When your pastor says such things after 9/11/01 as “America’s chickens are coming home to roost,” or, “not God bless America, God Damn America,” you have to go a lot further than simply disagreeing with those words, no matter how strongly. Especially when you are running for president of the very country that your preacher is calling on God to damn. It just wasn’t nearly enough.
Barack Hussein Obama is certainly a great orator, and while I have heard some pundits say that he said exactly what needed to be said, I have heard others say that he gave a great speech, but on the wrong topic. I personally feel that neither is true.
The speech was mediocre. I would by no means put him on the level of MLK, or even “second to only MLK,” as I heard one pundit say. This was a speech of rhetoric. It was a speech that went so far out of its way to please everyone, that it really wasn’t enough to please anyone.
Obama did start out strong, reciting the U.S. Constitution, "We the people, in order to form a more perfect union." How can you go wrong there?
He then went on to say, “The document they produced was eventually signed but ultimately unfinished. It was stained by this nation's original sin of slavery, a question that divided the colonies and brought the convention to a stalemate….” And he was right on the money with that.
And then he said, “Of course, the answer to the slavery question was already embedded within our Constitution – a Constitution that had at its very core the ideal of equal citizenship under the law; a Constitution that promised its people liberty, and justice….” And again, he was right. The answer to the slave issue was/is in the Constitution.
But then things changed. Barack said that his campaign’s mission was to continue the march for a more just, caring, equal, and free America. Does he not realize that he is running for the highest office in America? Indeed, in the free world? I like the way Rush Limbaugh put it on his radio show today. He said something to the effect that Obama is not an agent of that change, but a product of it. I have to concur.
A little later, Sen. Obama said something that confounded me. Said he: “I am married to a black American who carries within her the blood of slaves and slaveowners – an inheritance we pass on to our two precious daughters.” He sounds as though he is bitter about this dual legacy. I am not really sure what good this does him in trying to solve, if you will, the problems with race and racism in America. What message was he trying to get across here? Or was this another attempt to appeal to blacks and whites? If so, I say it was far off target. For if he was trying to appeal to blacks by saying his wife had slave blood in her, that alone may have done it. However, the slave owners statement, in my estimation, would not appeal to black voters.
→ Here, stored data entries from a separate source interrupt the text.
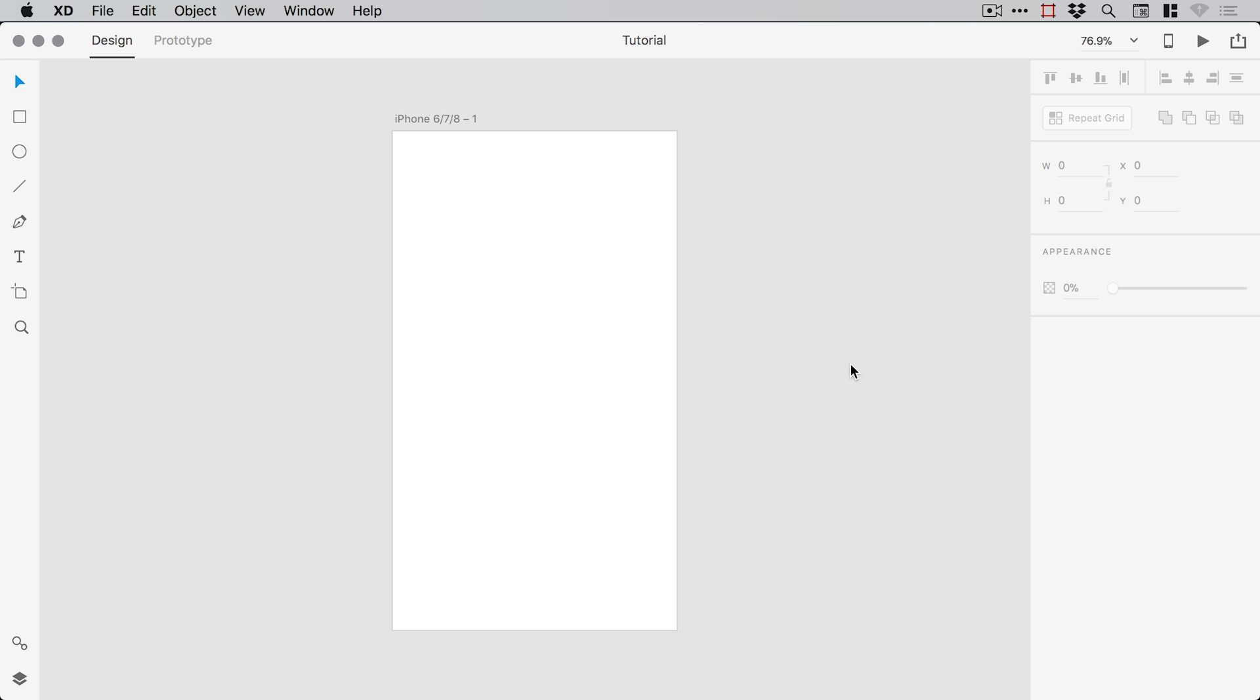Hello there, you're watching Danski and in this 2 minute tutorial we're going to learn a cheeky way to create guides in XD.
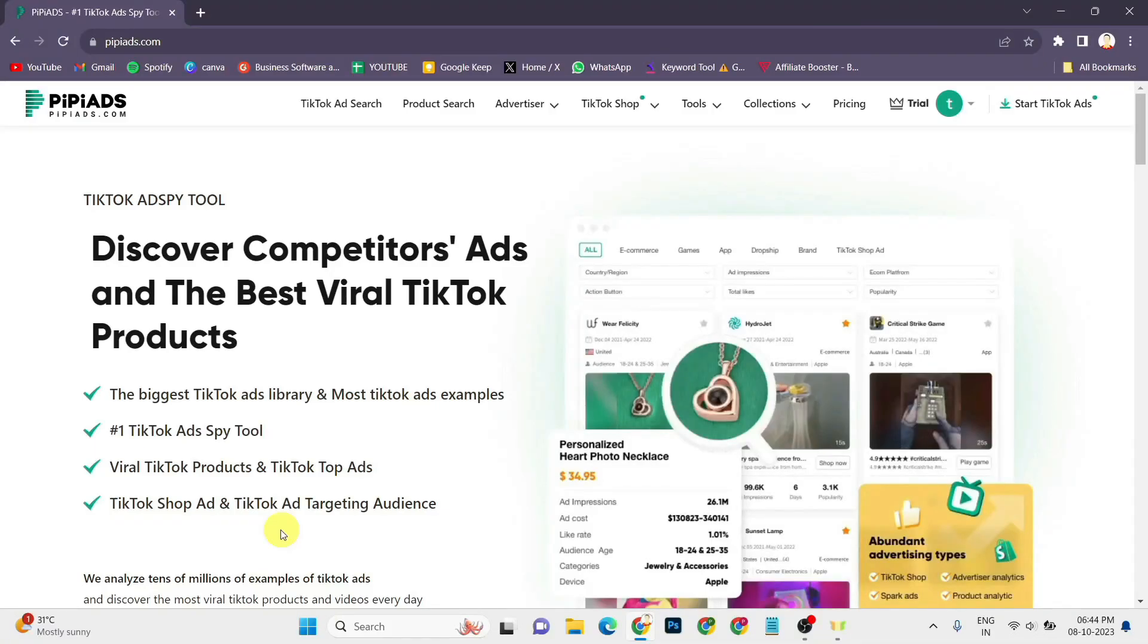In this tutorial, I'll be sharing a discount code for PPAds. PPAds is basically a TikTok Ad Spy tool which is very popular.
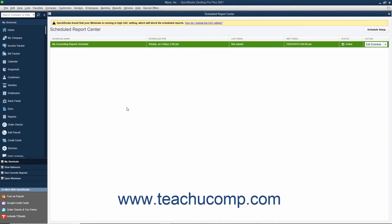It is possible that you could have conflicting preferences in your company file that would prevent QuickBooks from sending scheduled reports. If this is the case, QuickBooks will inform you in a Preferences Conflict message box with instructions on how to resolve the conflict. Make sure you perform the changes to ensure future delivery of scheduled reports. Click the OK button in this message box to close it after reading the steps to correct the conflict. If the schedule had no conflicts, the Scheduled Reports Center window will appear showing your newly created report schedule.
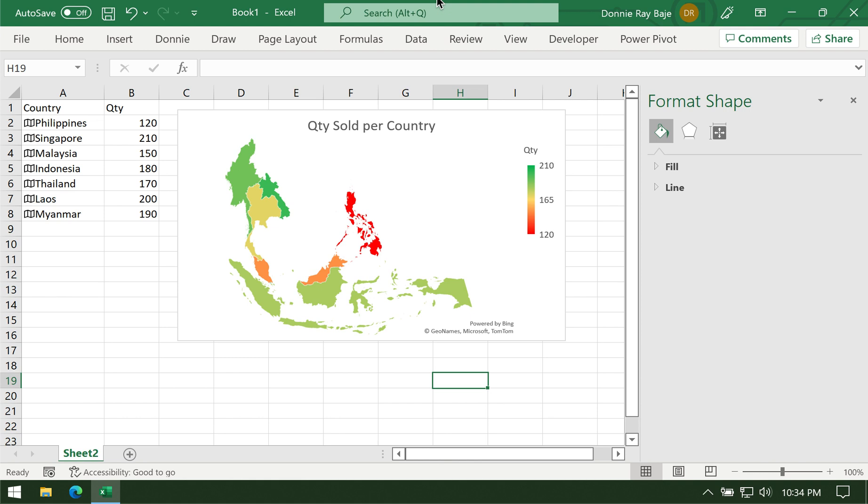Hi guys and welcome to today's video. For today's video, we are going to show you how to create a map chart like this in MS Excel.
And if he somehow thought he could appeal to white voters by saying the blood of slave owners passed through his wife’s veins, well, today’s white folk are pretty anti-slavery; at least the greatest majority of us.
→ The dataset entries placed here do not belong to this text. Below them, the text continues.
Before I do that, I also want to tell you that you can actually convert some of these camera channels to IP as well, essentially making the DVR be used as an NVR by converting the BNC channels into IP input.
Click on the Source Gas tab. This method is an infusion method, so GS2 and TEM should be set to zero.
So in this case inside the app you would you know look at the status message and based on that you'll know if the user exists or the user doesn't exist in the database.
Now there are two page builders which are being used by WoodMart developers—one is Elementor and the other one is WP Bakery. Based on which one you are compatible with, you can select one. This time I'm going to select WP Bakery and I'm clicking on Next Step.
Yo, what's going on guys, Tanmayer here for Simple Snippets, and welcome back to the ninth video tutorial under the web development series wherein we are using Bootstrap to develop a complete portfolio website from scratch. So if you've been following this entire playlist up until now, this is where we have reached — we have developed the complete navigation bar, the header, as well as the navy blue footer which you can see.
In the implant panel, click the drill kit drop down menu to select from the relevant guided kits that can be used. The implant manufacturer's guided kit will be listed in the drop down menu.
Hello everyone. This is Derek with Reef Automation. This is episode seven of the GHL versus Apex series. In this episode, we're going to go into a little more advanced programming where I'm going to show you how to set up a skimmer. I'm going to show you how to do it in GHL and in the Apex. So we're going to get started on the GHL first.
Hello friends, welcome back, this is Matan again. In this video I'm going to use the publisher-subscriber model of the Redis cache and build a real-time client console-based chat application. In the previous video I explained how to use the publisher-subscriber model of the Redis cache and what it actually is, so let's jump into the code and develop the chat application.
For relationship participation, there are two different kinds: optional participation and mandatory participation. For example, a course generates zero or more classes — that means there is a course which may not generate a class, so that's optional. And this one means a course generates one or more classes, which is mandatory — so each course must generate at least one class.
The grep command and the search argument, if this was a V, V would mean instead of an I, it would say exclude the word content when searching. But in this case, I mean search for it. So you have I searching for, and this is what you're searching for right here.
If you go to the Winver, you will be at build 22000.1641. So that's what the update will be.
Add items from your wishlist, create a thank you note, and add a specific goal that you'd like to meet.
The Democrat front-runner then talked about the unconventionality of his run for president. He said America is more than the sum of its parts. That out of many, we are made one. That’s a nice thought, and quite honestly, I believe it. I think we have come far in the quest for equality among the races. However, I am not convinced Barack himself believes it.
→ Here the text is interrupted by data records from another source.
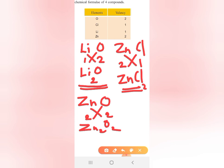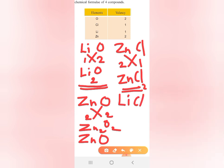Now we have zinc and oxygen forming ZnO. This is lithium chloride — lithium chloride has a valency of 1 and chlorine has a valency of 1. The formula is LiCl.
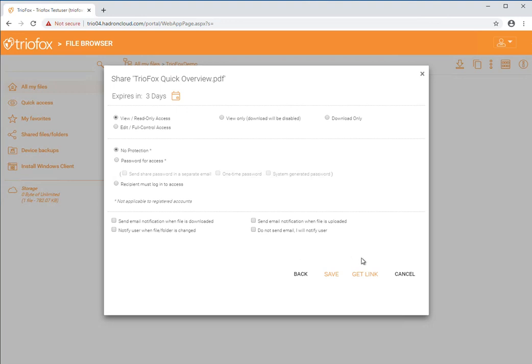After selecting these options, you may simply click either save or get link. The get link option gives you a URL that you can copy and paste, and the save option will send an email with that shared URL to the recipient.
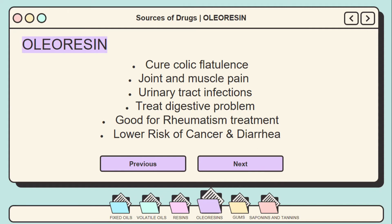Third, urinary tract infections: cinnamon bark oleoresins are ideal for treating urinary tract infections, effectively treating this serious problem, and are also mixed in various lotions and creams. Fourth, oleoresins can also help treat digestive problems. Asafoetida, capsicum, and cinnamon bark oleoresins are known for their ability to treat digestive problems smoothly.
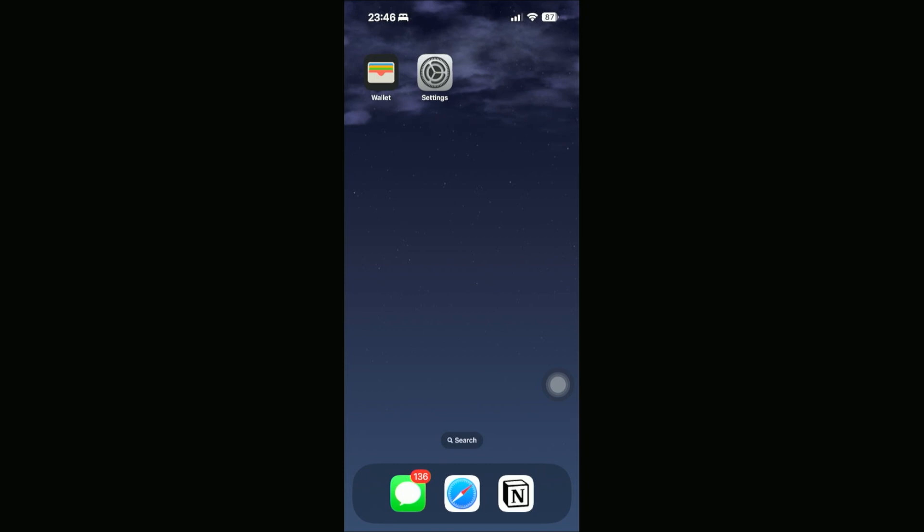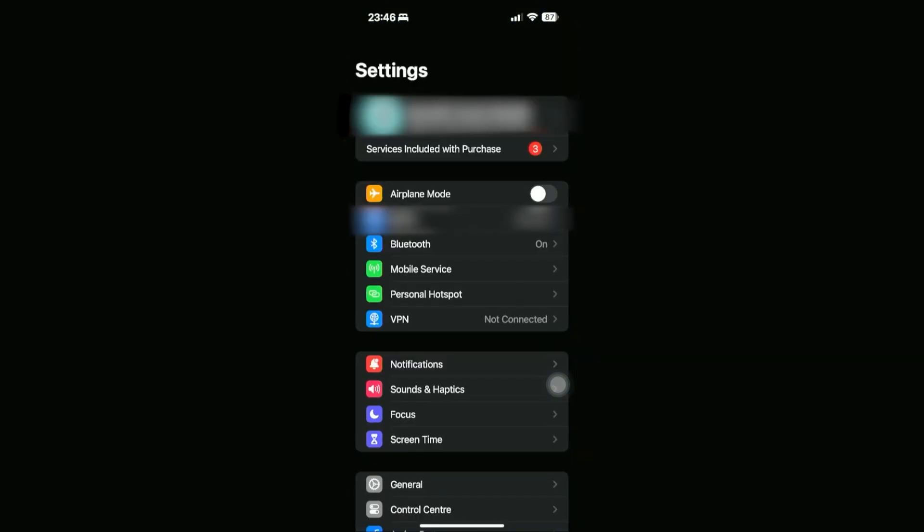What that means is that we can go ahead and purchase things like apps, or anything to do with your Apple ID — any forms of orders that you have. So to do that, all we need to do is go into Settings.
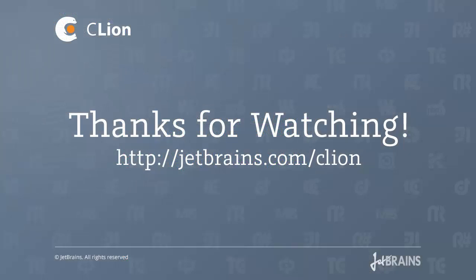So this has been a small demonstration of how CLion supports Google tests. Thank you very much for watching and bye-bye.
Throughout the speech there were instances where I found myself waiting for him to say “So in your face, cracker!” Like this next part, “Despite the temptation to view my candidacy through a purely racial lens, we won commanding victories in states with some of the whitest populations in the country. In South Carolina, where the Confederate Flag still flies, we built a powerful coalition of African Americans and white Americans.” Just add an “in your face cracker” there, and the racial overtone becomes much more obvious.
And while we’re on this point, why, oh why, if blacks in America truly want to put aside racial differences, and not forget the past, but rather build a better future on the past, why do they insist on calling themselves “African-Americans?” I don’t call myself, nor do my white friends call themselves, Euro-Americans. We are simply Americans. Putting any kind of adjective before American simply worsens any division that already exists.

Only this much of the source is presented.